Use your hands to roll the edges of the dough together, so that the bottom curls up over the top, in toward the center of the pan. Just curl it so that a slight seal is formed. You are not trying to
make cinnamon buns. Do this around the entire perimeter of the pan.
Use a fork to crimp the edges you have rolled in. Press the tines of the fork toward the edge of the pan, careful to avoid ripping the dough of the top layer. This should create a true seal around
the edges of the dough, which will provide you with a completely self-contained little meat pastry.

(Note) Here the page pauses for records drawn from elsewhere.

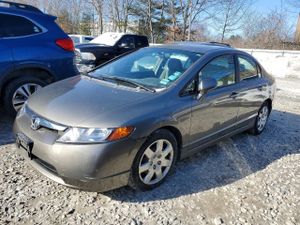 Honda Civic LX 1.8L 4 2007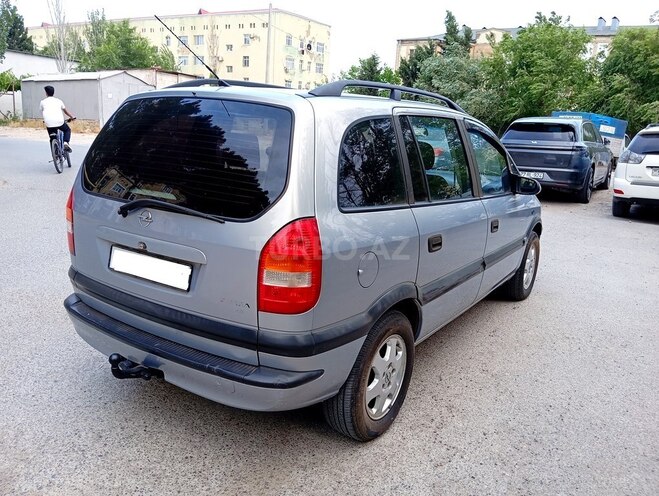 Opel Zafira 2000, 298,000 km - 1.8 l - Sumqayıt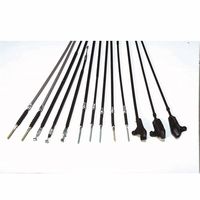 丸中洋行 BCSー018R ブレーキケーブル SUZUKI 1個（直送品）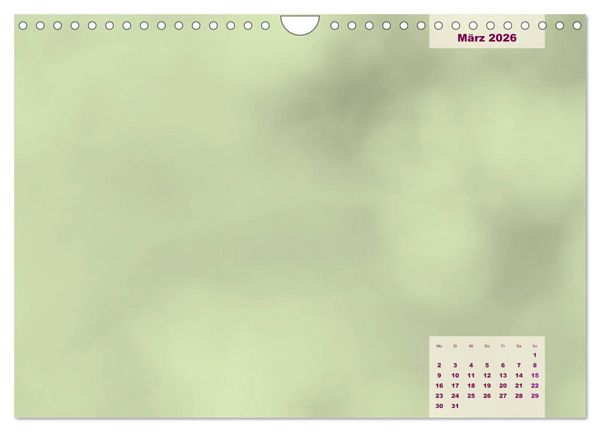 Produktbild: Meine Familie - mein Leben - die sch&ouml;nsten Momente - Bastelkalender (Wandkalender 2026 DIN A4 quer), CALVENDO Monatskalender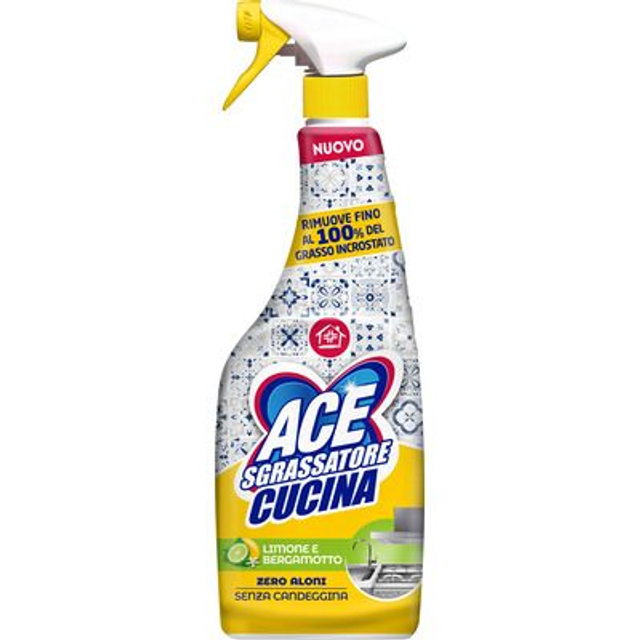 ACE SGRASSATORE CUCINA ML.600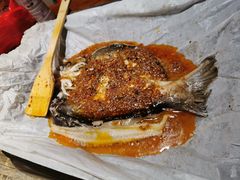-鱼来顺纸上烤鱼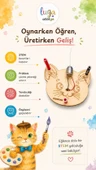 Stemist Box: Ressam Kedi thumbnail 4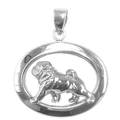 Pug Oval Jewelry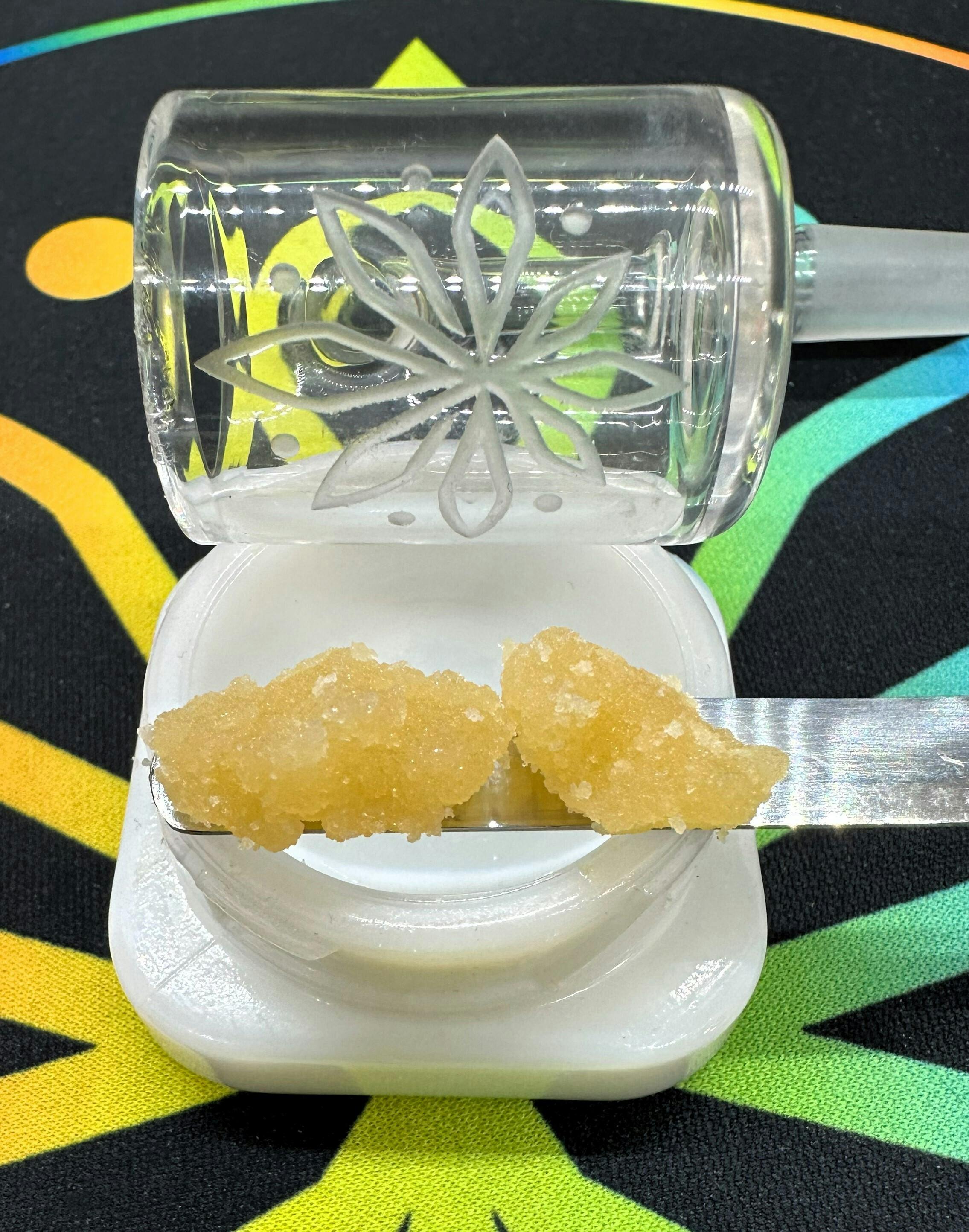 1g Acai Gelato Sugar by Sooner Glue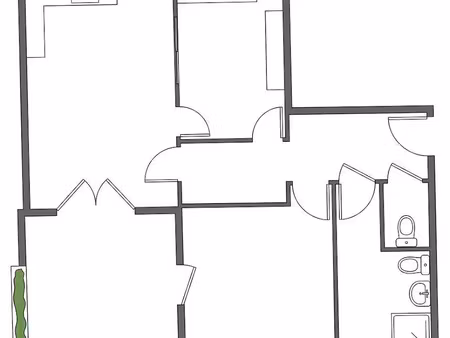 vente divers 54 m² trappes (78190)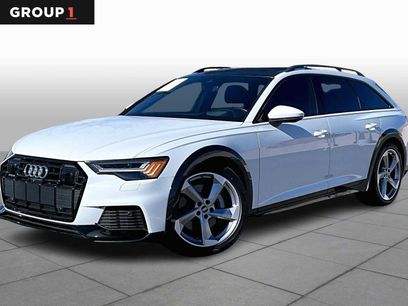 Used 2022 Audi A6 Prestige w/ Prestige Package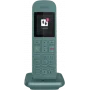 Bezvadu tālrunis Telekom Speedphone 12 Petrol — DECT bezvadu klausule ar ilgu akumulatora darbības laiku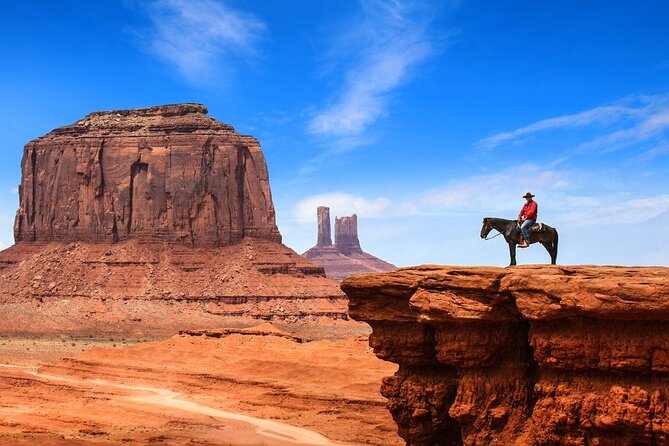 Self Guided Driving Audio Tour of Monument Valley - Start at the Post Office Visitor Area, end at the Tribal Park Visitor Center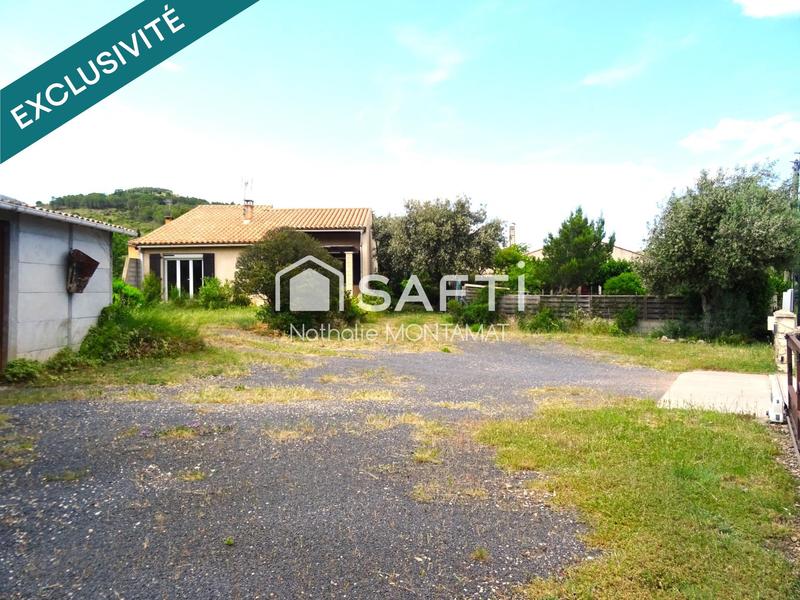 Maison - 176 m² - 8 pièces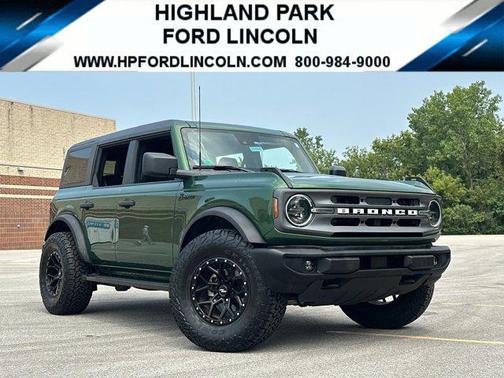 2024 Ford Bronco Big Bend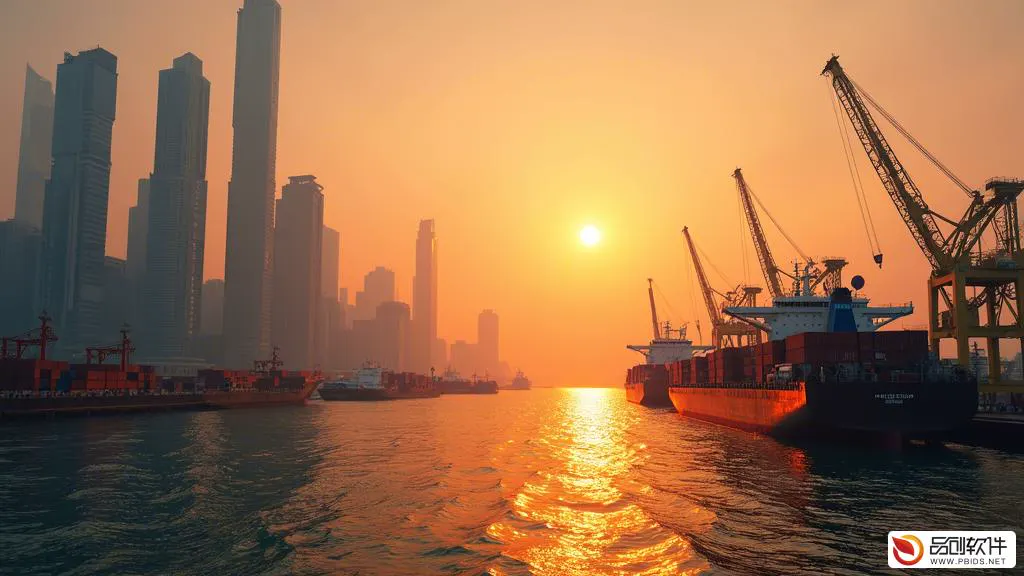 无锡市港口智能调度系统服务站：引领物流新纪元

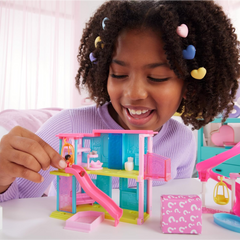 Barbie Mini Barbieland Evler HYF46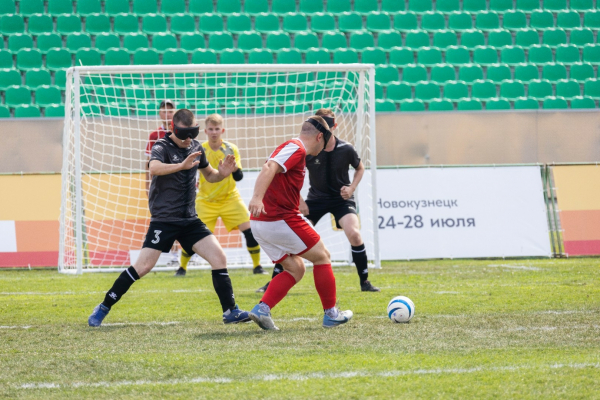Фестиваль &laquo;Стальная воля&raquo; стартовал в Новокузнецке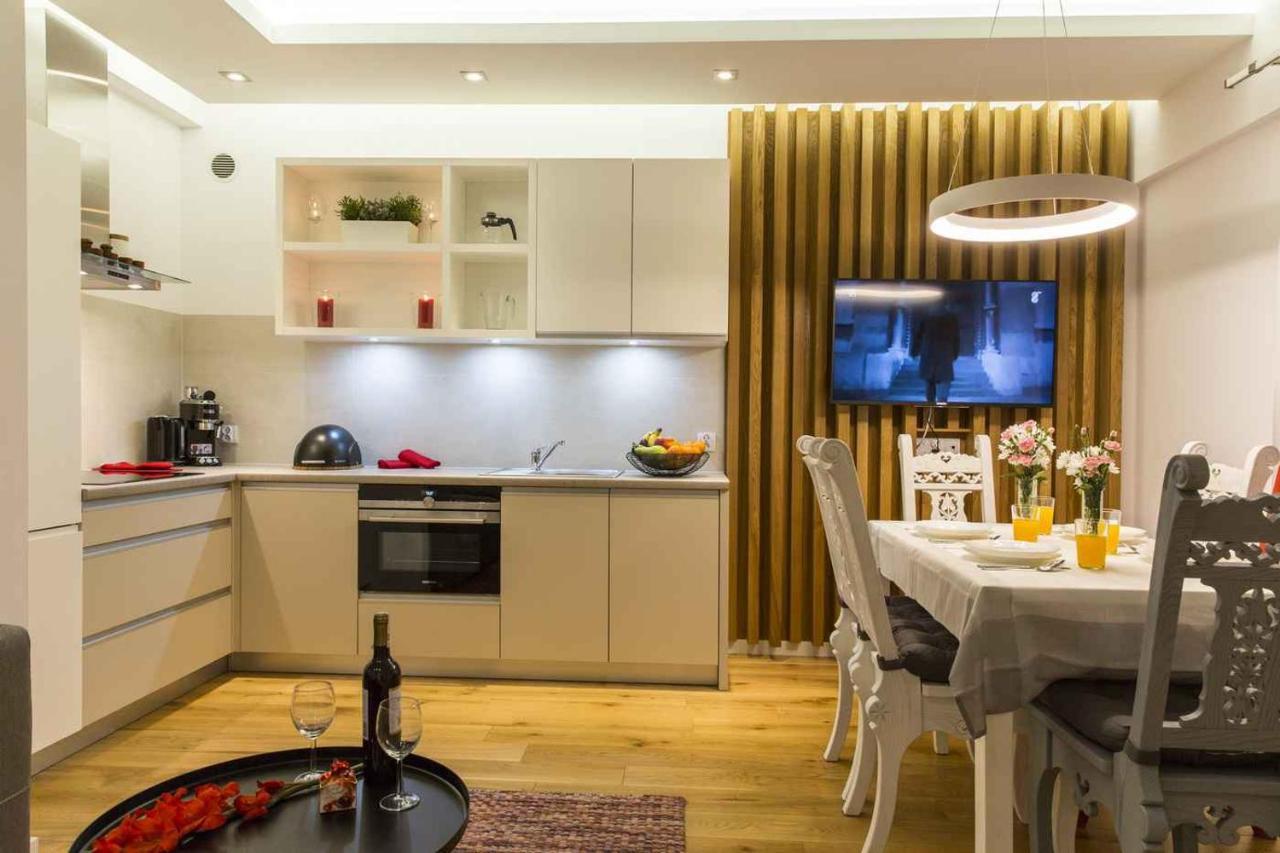 Apartament Gorale - Rezydencja Tatry Zakopane Dış mekan fotoğraf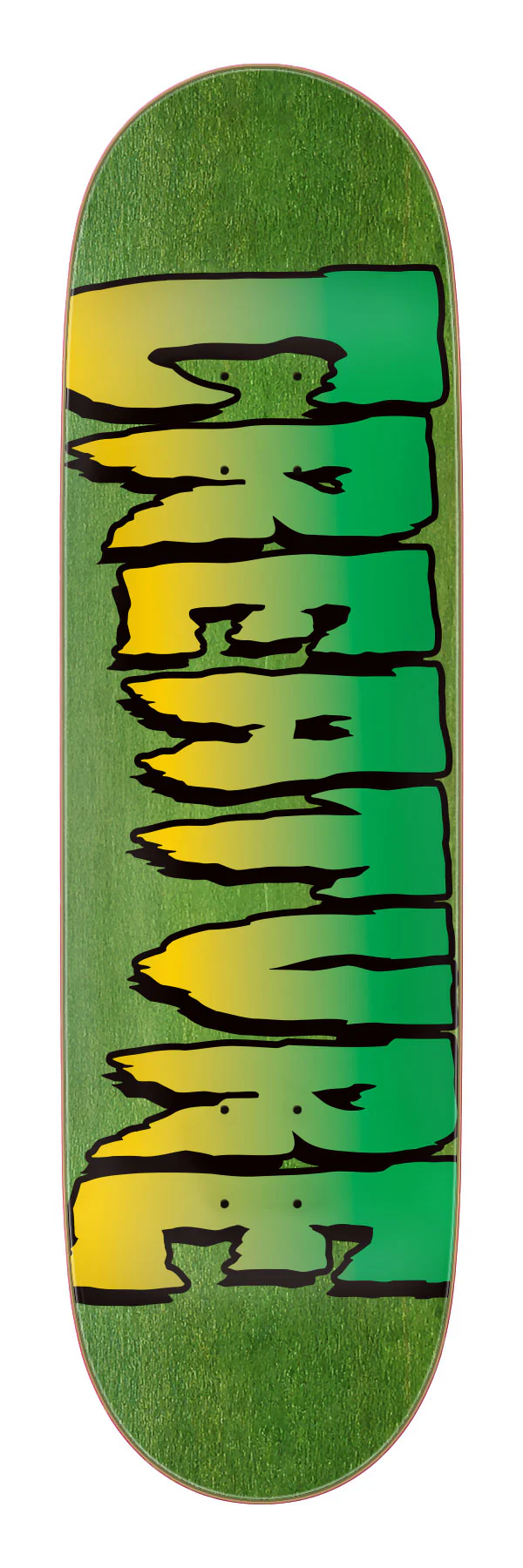 8.8in Assorted Color Logo Stumps Creature Skateboard Deck - Image 5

Place several tine holes in the top layer of dough. Be careful, as it is a thin layer and you run a risk of skewering lower layers.
Place the pizza in the 350-degree oven. If by some miracle you have managed to get your assembly line working at top efficiency and have more than one pizza at a time, it is perfectly
acceptable to bake more than one at a time. Bake until golden brown (like most things), which should take somewhere around 20-30 minutes.
Remove from the oven and place on a wire rack to cool. After a little while, it will be possible to cut and try the fruit of your labor, but honestly you will probably be working on the next one
and in such a huff that you won't want to. It is always adviseable to try a small piece and see if everything's going according to plan. All other pizza should be eaten the next day, when
you have forgotten the trauma and can only taste sweet victory. Try hot, but also try cold. You won't be disappointed either way. Easter Pizza can be frozen and eaten later in the year,
with little to no flavor consequence. It will, however, look a little gross in the egg department.
These are all the steps necessary to make approximately 4-6 Easter Pizzas. The total amount will vary due to size of pans, amount of filling, and total patience available. Hopefully you
have appreciated the humor and the hard work necessary for this recipe to work. That's what it's really all about-- having fun with your family and having something you can be proud of to show
for it. Happy Easter, and happy eating.
I'd like to take this space (because I've taken so much already) to point you to Italian Easter Pie by BrooksMarlin, which is somewhat similar to my dish but also quite unique. We've never picked a specific date to make this dish, though I'm sure at one time it was important. I was thrilled to see that it's not just my clan that spreads the recipe through males. I love the idea of making crosses with the fork holes. But overall, I think I'll stick with my recipe for tradition's sake, and pursue the alternate when I've finally wiped the dust off my apron.